Quick, without looking: Name the eight candidates running for the two Vero Beach City Council seats up for grabs in next month’s off-year election.
Can’t do it? Neither can I. (Answers, P9.)
Sure, I know Brian Heady is running – because, well, Brian Heady always runs. He’s the Timex of local politics. Year after year, he takes a licking and keeps on ticking.
I also know local attorney Joe Graves is on the ballot, mostly because I’ve seen his law firm’s TV commercials and partly because I wrote about the tragic death of his teenaged son, Jimmy, who was killed in a boating accident in December 2016.
And I know former Vero Beach Yacht Club commodore Ray Neville is in the race, but only because he recently gave me a fascinating interview in which he recalled growing up in the house that’s now the home of The Tides restaurant.
The other five candidates?
I suppose I should’ve mentioned Bob McCabe, too, but it wasn’t until I saw a couple of his campaign signs last week that I remembered he ran unsuccessfully for a council seat last year.
The rest of the field, though, reads less like a Who’s Who and more like a Who’s That.
“There’s certainly not much name recognition in this race,” County Commission Chairman and longtime city resident Bob Solari said. “Four of the eight candidates, I’d never heard of before. Two others, I’d never met or had a conversation with – and I travel in local political circles.”

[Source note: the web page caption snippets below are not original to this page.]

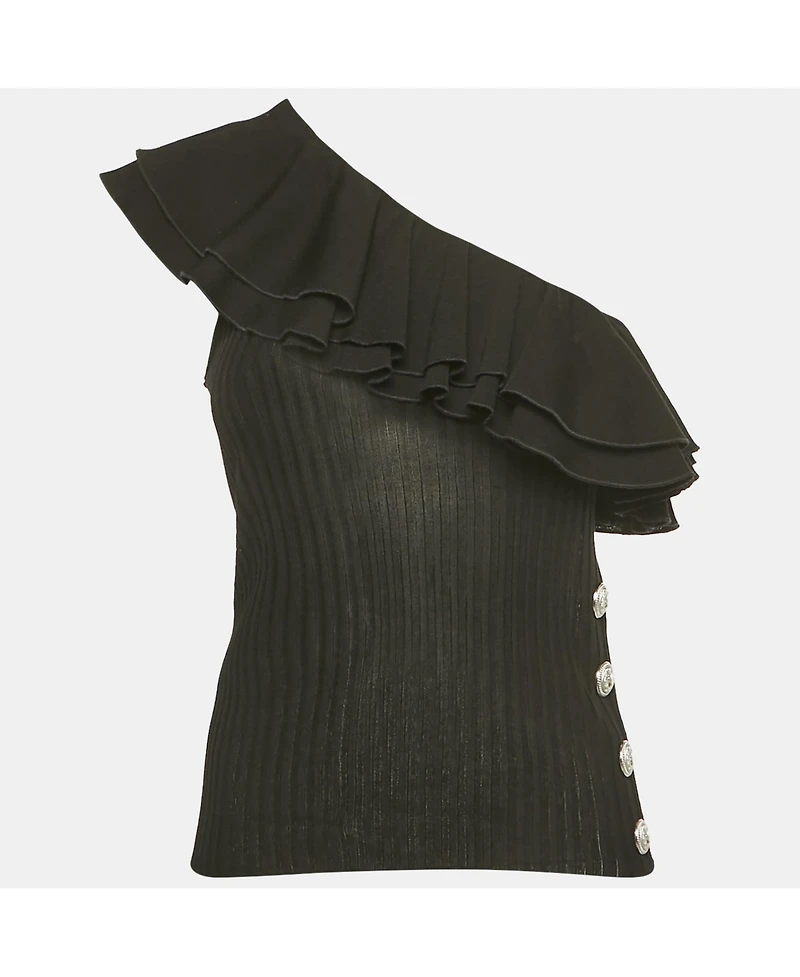 Pre-Owned Balmain Women's Black Rib Knit Ruffled One Shoulder Top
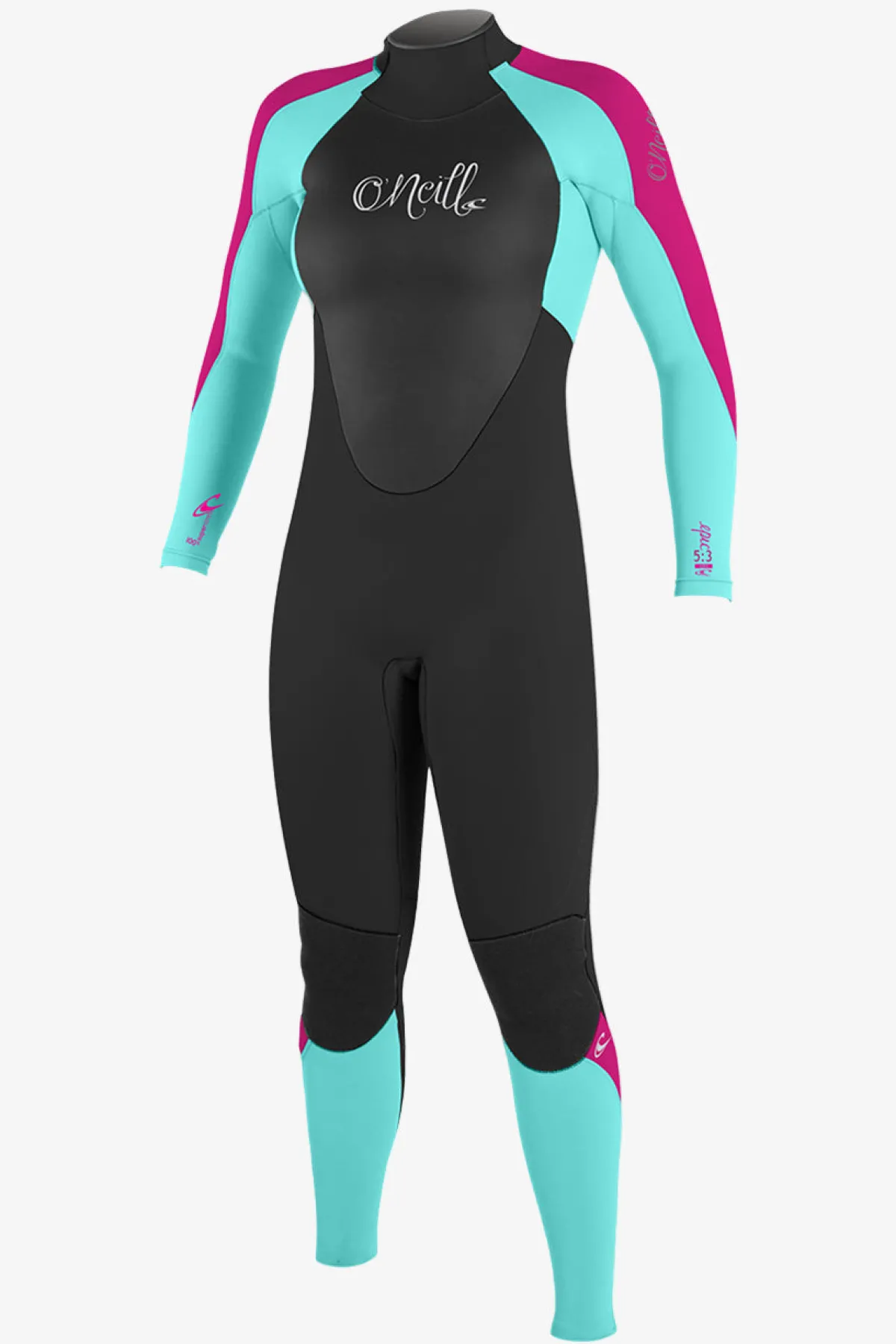 Full Suits|Full Suits^O'Neill Girl's Epic 4/3MM Back Zip Full - | blk/seaglass/berry
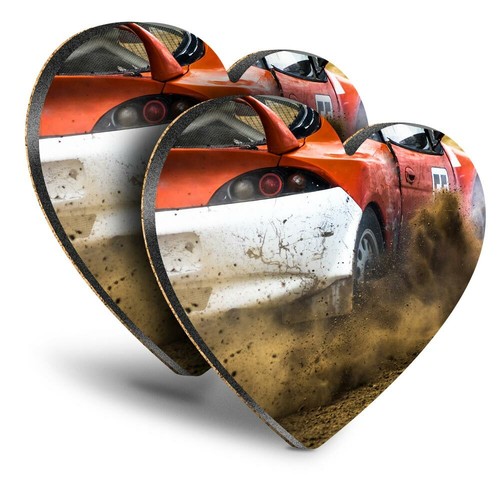 Heart mdf coasters car - 2x,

Perhaps that’s why there has been so little buzz about this election, which will fill the seats being vacated by Mayor Val Zudans and Councilman Harry Howle.
The city’s off-year elections tend to generate little excitement and produce small turnouts, anyway. Across the past decade, only twice have more than 25 percent of Vero Beach’s registered voters cast ballots in off-year elections.

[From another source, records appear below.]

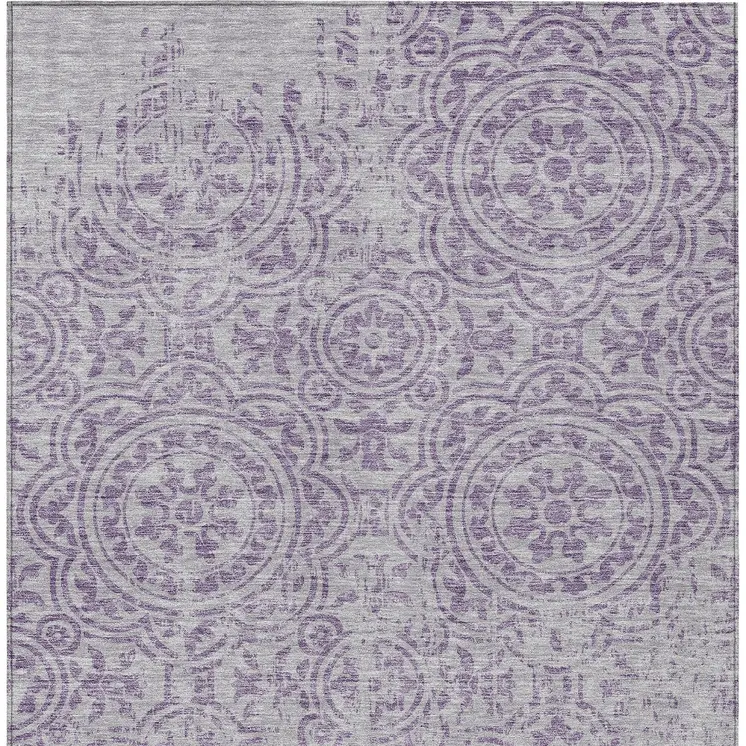 5' X 8' Lavender And Lilac Medallion Washable Indoor Outdoor Area Rug
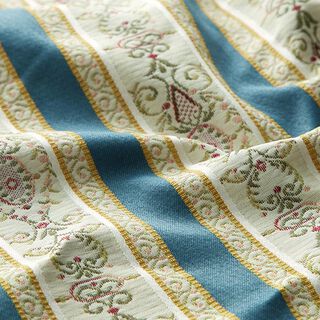 Tissu d’ameublement jacquard Rayures Biedermeier – crème/bleu, 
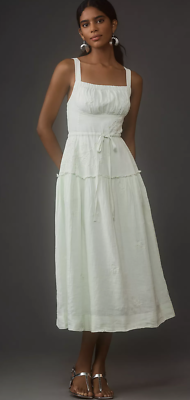 By Anthropologie Linen Square-Neck Midi Dress Petite Large | eBay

One of those years was 2011, when more than 35 percent of voters turned out for a referendum on leasing the city’s power plant site.
“Unless there’s a referendum on the ballot or the city is confronting an important issue, such as the sale of the electric utility, it’s the candidates who drive turnout in off-year elections,” County Supervisor of Elections Leslie Swan said.

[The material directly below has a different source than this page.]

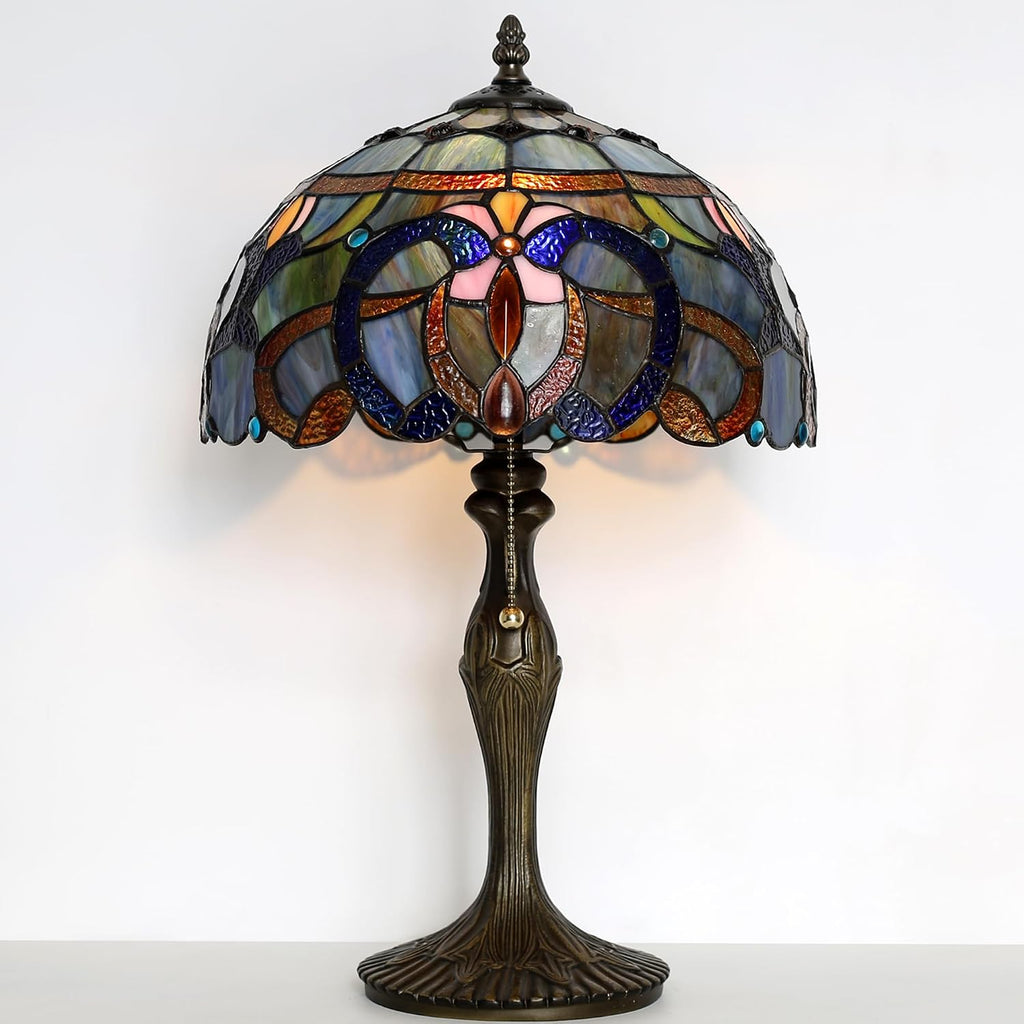 Tiffany Lamp Stained Glass Table Lamp 12' x 19' Blue Baroque Style Decorative Lamp Bedside Reading Lamp for Desk Living Room Bedroom Office Study Light Home Decor Gift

If so, I won’t be at all surprised if the turnout next month doesn’t reach 20 percent – because here we are, less than three weeks from the election, and most of us know almost nothing about most of the candidates, including their names.
Which reminds me: Where are all the campaign signs?
Driving around town last weekend, I saw considerably more “For Sale” signs than campaign signs. That puzzled me, given the candidates’ need to put their names in front of the voters.
“Six of the eight candidates filed their papers in the last two days before the (Sept. 6) deadline,” Vero Beach City Councilwoman Laura Moss said, “and I think that has a lot to do with why we’ve seen so few signs.
“It costs money to have signs made, and you can’t raise money until you file,” she added. “So if you started fund-raising only a month ago, you might not have the signs yet. It takes time to design them, order them and get them made.”
Why did these candidates wait so long to file? Were they undecided about seeking public office? Or were they waiting to see who else was running?
It doesn’t matter now.
There are eight candidates in the race – John Cotungo, Jeff Nall, Estelle Panagakos and Nick Thomas, along with Graves, Heady, McCabe and Neville – and all of them need to tell people who they are and what they hope to accomplish if elected.
This is an off-year election, but that doesn’t mean voters should take the year off. The next council will make pivotal decisions regarding the future of the city’s water-and-sewer operations and the fate of the Centennial Place.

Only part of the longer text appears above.